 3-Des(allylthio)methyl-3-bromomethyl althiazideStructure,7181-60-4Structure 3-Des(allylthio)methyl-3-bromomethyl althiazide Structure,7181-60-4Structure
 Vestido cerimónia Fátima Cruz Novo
◆ ◆ ◆ ◆ ◆
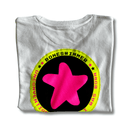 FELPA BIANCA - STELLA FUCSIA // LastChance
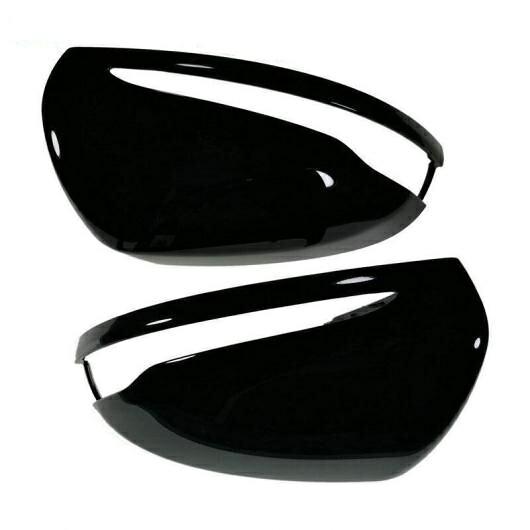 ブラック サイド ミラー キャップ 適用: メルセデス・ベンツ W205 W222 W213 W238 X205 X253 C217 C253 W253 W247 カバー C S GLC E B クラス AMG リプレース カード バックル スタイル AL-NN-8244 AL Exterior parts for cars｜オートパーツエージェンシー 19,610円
◆ ◆ ◆ ◆ ◆
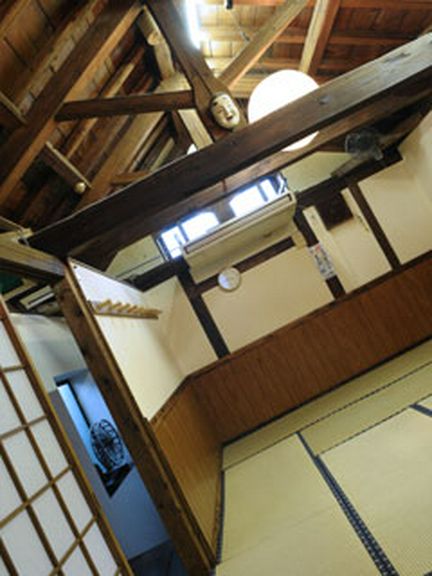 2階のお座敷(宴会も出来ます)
◆ ◆ ◆ ◆ ◆
:: WHAT THE EXERCISE ASKS ::
Could you repeat, exactly, only the lines above starting at the one that has "FELPA BIANCA - STELLA FUCSIA // LastChance" and stopping after the one that has "ブラック サイド ミラー", without the pictures?

:: RESPONSE ::
 FELPA BIANCA - STELLA FUCSIA // LastChance
 ブラック サイド ミラー キャップ 適用: メルセデス・ベンツ W205 W222 W213 W238 X205 X253 C217 C253 W253 W247 カバー C S GLC E B クラス AMG リプレース カード バックル スタイル AL-NN-8244 AL Exterior parts for cars｜オートパーツエージェンシー 19,610円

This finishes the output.